SDRs are an international reserve asset created by the IMF to supplement the official reserve holdings of its member countries.[2] Reserve assets are owned by country authorities and are a key layer of defence in a foreign currency liquidity crisis. Other types of reserve assets include official foreign currency holdings, gold holdings and reserve positions at the IMF (i.e. funds lent by a country to the IMF). Reserves can be used to dampen volatility in a country's exchange rate, manage the level of a country's exchange rate, repay official sector international debts and provide foreign currency liquidity to the financial system during periods of stress.
The SDR is not a currency and so cannot be used directly in transactions. However, it can be sold to other member countries in exchange for five ‘freely usable’ currencies (US dollars, euros, Chinese renminbi, Japanese yen and pounds sterling) and therefore acts as a source of liquidity.[3] Essentially, the SDR system allows a country to access reserves that are held by countries whose holdings are more than adequate, thereby broadening the protection afforded by the global pool of reserve assets.
While countries can buy and sell SDRs directly with each other, in practice the exchange is usually coordinated by the IMF through voluntary trading arrangements (VTA), where a number of IMF members with strong external positions (including Australia) agree to exchange SDRs for specific currencies within pre-agreed limits with other IMF members.[4] The value of the SDR is determined daily by the IMF based on a weighted average of these five freely usable currencies. Conceptually, SDRs derive their value from the fact that countries are willing to hold them and accept them in exchange for actual currencies.

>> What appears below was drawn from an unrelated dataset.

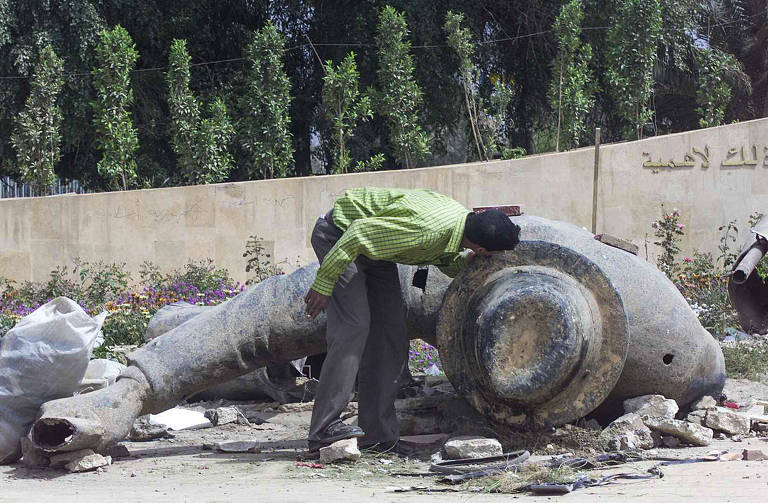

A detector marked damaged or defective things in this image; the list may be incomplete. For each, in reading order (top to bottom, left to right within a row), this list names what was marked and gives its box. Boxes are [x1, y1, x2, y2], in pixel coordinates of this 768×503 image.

While the IMF has the authority to create new SDRs, under the IMF's Articles of Agreement it can only do so to meet a long-term global need to supplement existing reserve assets. It also needs to be done in a manner that promotes the attainment of the IMF's goals and that avoids economic stagnation and deflation, or excess demand and inflation (IMF 2021e). Given these conditions, SDR allocations are rare in practice and have only occurred in exceptional circumstances, including during the global financial crisis. Indeed, there have only been four general allocations of SDRs to this point (1970–1972, 1979–1981, 2009 and 2021) (Graph 1). In a general allocation, countries receive both an asset (SDR holdings) and a liability (SDR allocation) of equal value. (The allocation is a liability because it would have to be repaid if a country withdrew from the IMF or the SDR scheme itself was dissolved.) The value is proportional to each country's quota in the IMF.[5] There was also a one-time special SDR allocation, which occurred in September 2009 to correct for the fact that members that had joined since 1981 had not received an SDR allocation from the IMF over that time. It is worth highlighting that, given an SDR allocation involves an increase in assets and a matching rise in liabilities, an allocation does not represent a transfer of wealth.

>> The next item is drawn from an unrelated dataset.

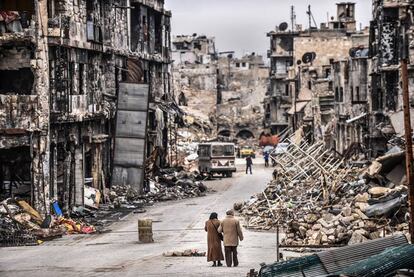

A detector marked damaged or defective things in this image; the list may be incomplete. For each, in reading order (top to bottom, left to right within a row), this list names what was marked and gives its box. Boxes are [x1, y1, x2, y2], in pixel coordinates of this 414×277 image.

broken window [0, 68, 33, 95]
burnt facade [0, 0, 172, 213]
war-damaged structure [0, 0, 174, 213]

There is a cost involved in using SDRs. Countries receive interest on their SDR holdings and are required to pay interest on their SDR allocation. Accordingly, if a country keeps its SDR holdings equal to its allocation, it will earn zero net return. However, if it decides to sell some of its SDRs in exchange for one of the five freely usable currencies – and so its SDR holdings fall below its SDR allocation – a country will be required to make a net interest payment on the difference between its holdings and allocation. In contrast, if a country buys SDRs – and so its holdings are above its allocation – it will receive a net interest payment. The relevant interest rate (the SDR interest rate) is calculated weekly by the IMF and is based on relevant interest rates for each of the five freely usable currencies (Graph 2).[6] Overall, the SDR mechanism is self-financing because at an aggregate level interest payments and receipts cancel each other out (IMF 2018).

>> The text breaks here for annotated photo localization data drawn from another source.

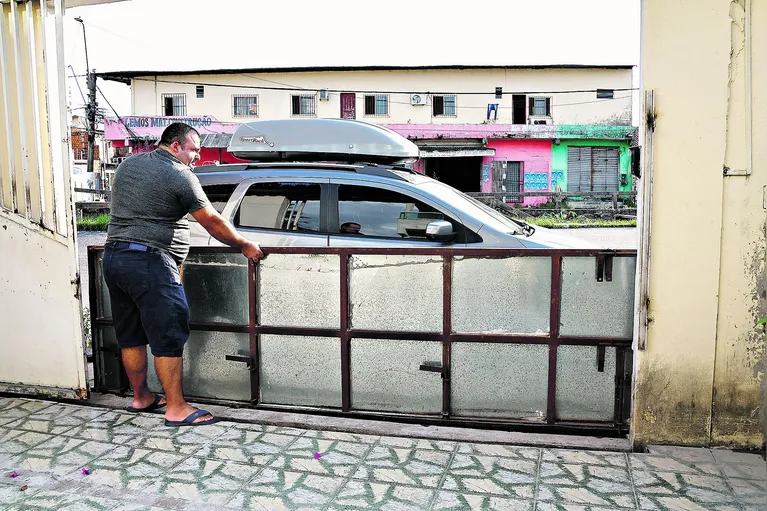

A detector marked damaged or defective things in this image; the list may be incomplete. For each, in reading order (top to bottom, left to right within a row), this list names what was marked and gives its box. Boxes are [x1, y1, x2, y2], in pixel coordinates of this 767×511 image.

rusty gate frame [88, 247, 636, 436] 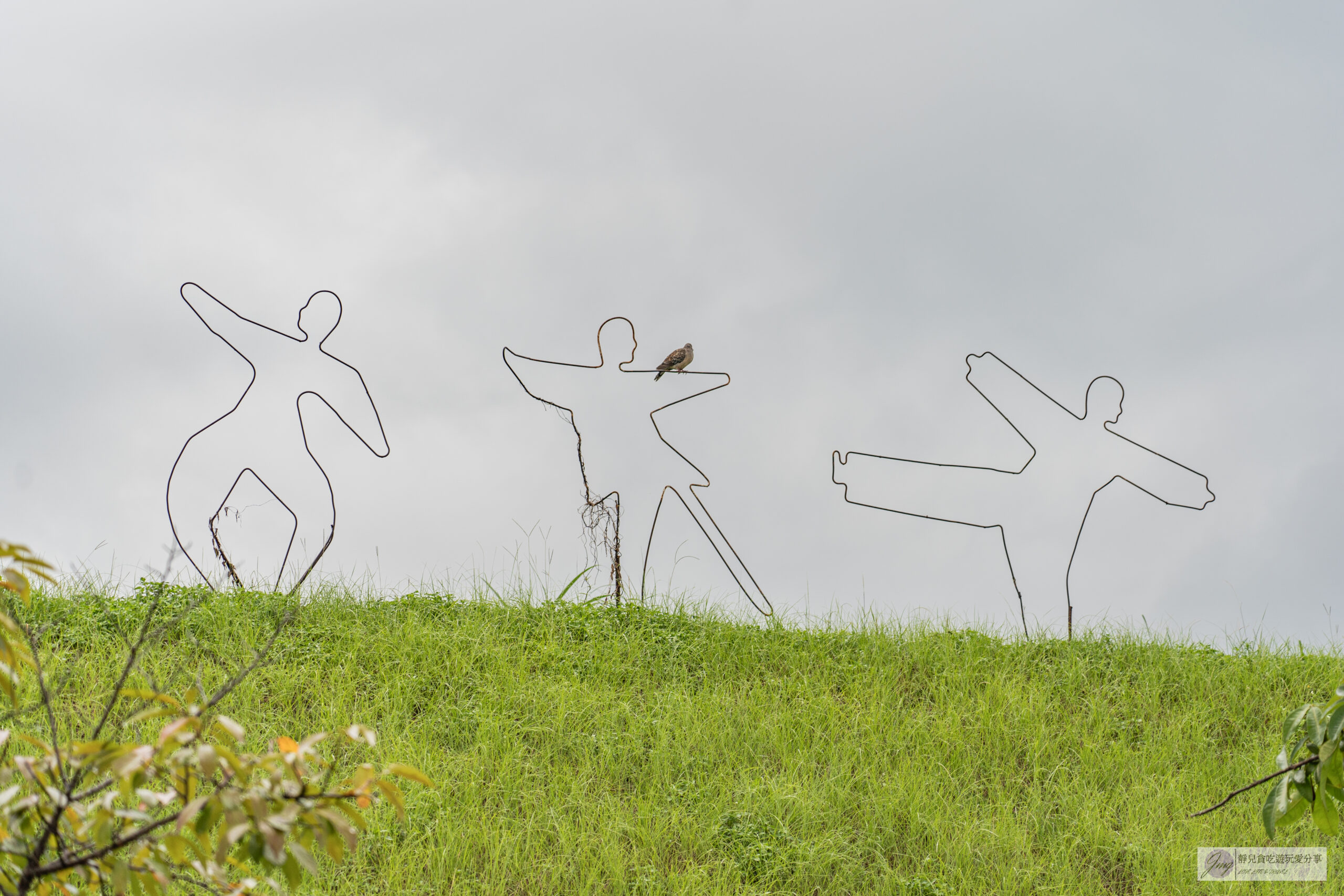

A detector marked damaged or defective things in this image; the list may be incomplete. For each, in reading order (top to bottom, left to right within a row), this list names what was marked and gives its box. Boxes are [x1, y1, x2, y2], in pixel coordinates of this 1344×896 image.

rusty metal wire [165, 286, 390, 596]
rusty metal wire [505, 315, 779, 618]
rusty metal wire [833, 349, 1215, 637]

Implications of the 2021 general SDR allocation
Overseas economies
Many countries experienced notable falls in their reserve assets as a result of the COVID-19 crisis. For example, reserves in emerging market and developing economies (EMDEs) outside Asia declined by around US$95 billion in 2020, reflecting the contraction in exports and global economic activity as well as strong and persistent capital outflows (IMF 2021d).[7] Overall, the IMF estimated that the pandemic increased the global shortfall between the current level of reserves and the projected long-term level of required reserves by around US$200 billion, to between US$1.1 trillion and US$1.9 trillion (IMF 2021d). The recent SDR allocation will go some way to addressing this long-term demand for global reserves. However, as a general allocation, SDRs were distributed to IMF member countries in line with their quota shares in the IMF rather than their relative need for reserves. As a result, around 40 per cent of the total allocation went to the G7 countries, with a similar share going to all EMDEs combined (Graph 3).
The extent to which the allocation addresses countries' individual needs for reserves varies significantly, reflecting not only differences in the value of SDRs received but also the differences in countries' existing reserves. In particular, the allocation increased advanced economies' official reserve assets (ORA) by an average of around 18 per cent, compared to an average increase of around just 7 per cent for EMDEs.[8] This difference partly reflects the fact that advanced economies typically choose to hold modest reserves (as a share of the size of their economies) compared with many EMDEs. That said, while the allocation had a relatively small impact on the ORA of most major emerging market economies, it provided a significant boost for a number of developing economies that had low levels of reserves (Graph 4). For example, the allocation increased Sri Lanka's ORA by 28 per cent and Ecuador's ORA by 18 per cent.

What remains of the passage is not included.